The Umbria by then was heading for Port Sudan. If he were going to keep his cargo out of the hands of the English, the captain thought, he would have to act at once. Deciding on a bold gamble, he somehow passed on secret orders to his engineers, then invited the English officers to his cabin, offered drinks and asked for permission to get on with a life-boat drill that was, he said, regularly held at this time. The English agreed and the life-boats were swung out.
Down in the engine room, meanwhile, the engineers had opened flooding valves. The flooding went unnoticed at first but then the ship suddenly listed to port. Happily the captain ordered his men to abandon ship and, angrily, one assumes, the English joined him. As they rowed hastily away, the Umbria, the flag of Mussolini's Italy still flying at the stern, rolled onto her port side and sank just inside the Wingate Reef.

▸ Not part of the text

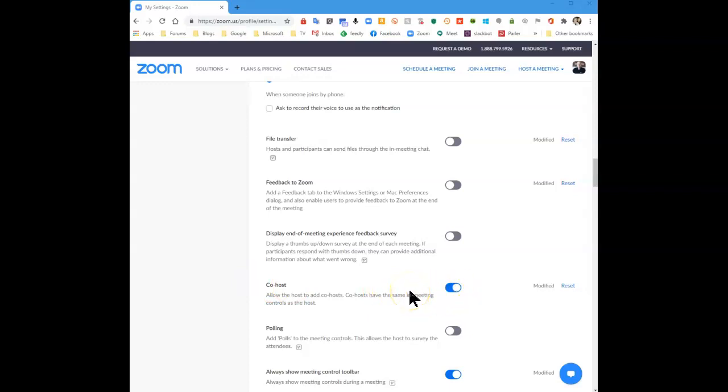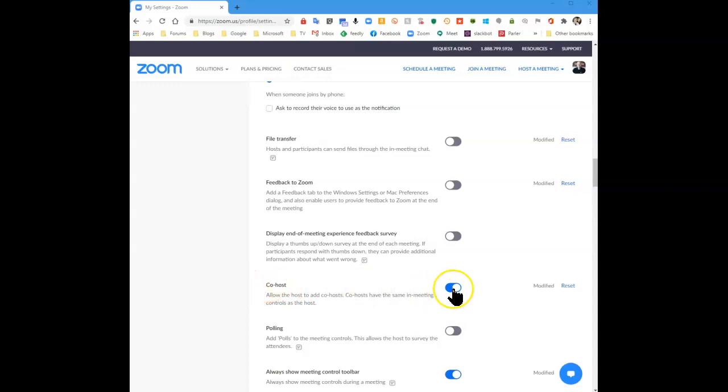Be patient. There are many settings in Zoom. Take your time until you get to the right one and make sure Co-host is allowed. That's all it takes.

To get to this reef where the Umbria lay, I had joined a small party that a locally famous skin diver, 'Ali 'Ashi, had agreed to lead. It included a Jordanian banker, a young Swedish diver, an American and an English family. 'Ali was by far the most interesting individual there. He was—and probably still is—the only Sudanese diver who actually attacks sharks. What he does, he told us, is fire one spear into the shark's tail and, as the shark circles, biting at the tail, fire a second into his gills. At that point his score was 70.

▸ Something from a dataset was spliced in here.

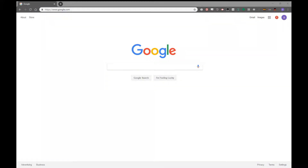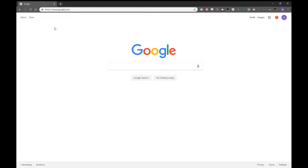What is up YouTube, coming at you with a quick video here. If you are like me and cannot stand the new look of the Google tab bar and really wish that the old one was still available, I'm going to show you how to quickly fix that. Just come up here to your address bar and type in Chrome...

We had met at 6 a.m. aboard 'Ali's 60-ton yacht in a bay near Port Sudan. Twenty minutes after departure we sighted four boat davits protruding from the water, and prepared to dive. As we went down the water was clear and we could see thousands of colorful fish scattering like birds flushed from a field. The ship is so large we could not see either the bow or the stern, but we could see bizarre shapes of coral clinging to the hull. Despite its long immersion, the ship seemed intact—except for the wooden deck long since rotted away.

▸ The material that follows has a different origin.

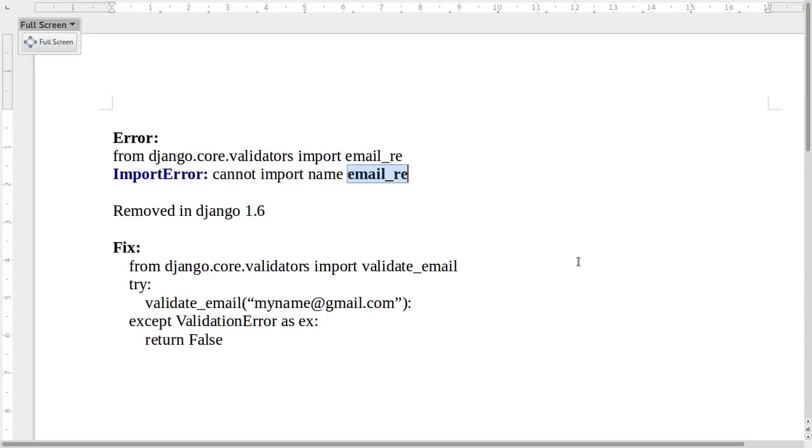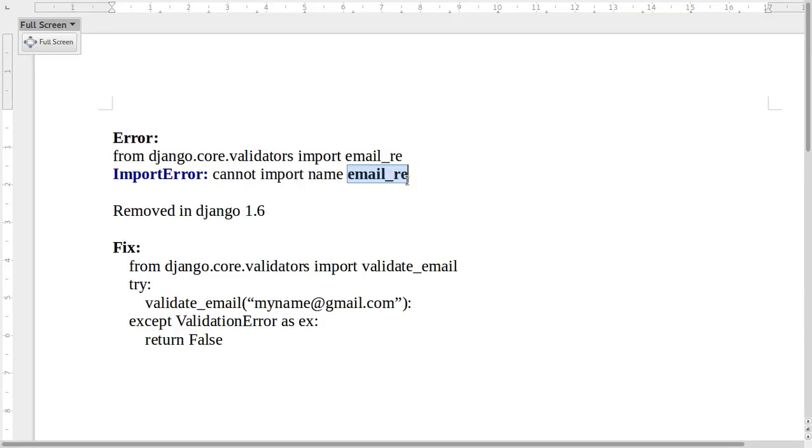The email validator email_re was removed in Django 1.6. If you are getting ImportError: cannot import name email_re, that means you are using Django version greater than 1.5. In Django versions greater than 1.5, they have provided a new function.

Since I had no air tanks, my exploration was limited. I had to go up for air at least every 60 seconds. At one point, however, I saw 'Ali and the others clustering around a dark opening just as I was about to go up. We had found the bombs. They were spotted with spongy growths, and were almost invisible, but the short, deadly shape, and the sharp lines of the stabilizers left no doubt as to what they were.
Not wanting to go up then, I clapped the Swedish diver on the shoulder and signaled that I needed air—the same signal, incidentally, that mutes use to say they are hungry. The diver passed me his mouthpiece. I took a deep breath and began snapping photographs as quickly as I could, wondering, perhaps foolishly, if my flash gun could possibly set off an explosion. It didn't of course, and after we had seen everything, we returned to the launch and headed back to Port Sudan.
En route, we talked about the wreck and wondered if any of the bombs and torpedoes could possibly be live. Since the area was still prohibited to shipping, it seemed possible. Someone said he hoped not because he had been told that 6,000 tons of explosives would create a tidal wave big enough to wipe out Port Sudan. There was silence for a while after that. But as the launch headed for our harbor, I could see that most of the group were staring thoughtfully back at the four davits poking out of the sea. There was no need to ask what they were thinking.
Ludwig Sillner , an expert skin diver and underwater photographer, was named Photographer of the Year for 1968 by the Underwater Society of America.